Some books are timely, others are useful and still others are good. Joshua D. Zimmerman’s “The Polish Underground and the Jews 1939-1945” (Cambridge University Press) is all three.

What makes it timely is recently passed Polish law that criminalizes any mention of Poles “being responsible or complicit in the Nazi crimes committed by the Third German Reich.” The ultra-nationalist Law and Justice Party government is committed to advancing a Polish-centric agenda, openly pushing to rewrite the country’s history to stress Polish heroism and obliterate Polish guilt.

Zimmerman’s meticulously researched, scrupulously balanced and comprehensively written work will create much anguish for those attempting to rewrite that history. For few have done the work to examine all the records and fewer still will balance the evidence without bending it to arrive at seemingly irrefutable conclusions.

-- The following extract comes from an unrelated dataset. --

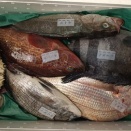 '26年5月🎏の鮮魚🐟️は氷見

Polish nationalistic historians won’t be the only ones upset by his findings. Jewish historians who seek simple answers and don’t want to deal with the complications of the Polish situation will find his balance disconcerting. The story is complicated and Zimmerman does not shy away from presenting the complications clearly, unraveling the puzzle and reassembling its parts so that the reader can understand the complexities.

Among serious scholars, it is axiomatic that good scholarship drives out bad scholarship. And for good scholarship there is no substitute for serious homework, going to archives, reviewing the evidence, reading memoirs and listening to testimony, and weighing all this material to present a coherent picture of the whole.

Joshua D. Zimmerman

Zimmerman’s meticulously researched work will create much anguish for those attempting to rewrite that history.

Some scholars do a marvelous job of presenting an overarching theory and then leave the reader and researcher wanting for particular evidence or indications why contrary conclusions don’t hold up. Other scholars drown the reader in detail but miss the larger perspective. Zimmerman does neither; attention to detail substantiates the general picture he offers and illustrates what he is trying to show. One must appreciate such detail and value his major substantive conclusions.

One of them is that the Polish Underground’s attitude toward the Jews reflected the political views of its major constituent bodies, military officers and individuals in pre-war Poland. Those who were open to a more pluralistic Polish society that accepted minorities as part of the landscape of Poland had a radically different attitude toward the Jews than those whose orientations were more nationalistic in the most narrow sense of the term. I suspect that what was true then is still true today.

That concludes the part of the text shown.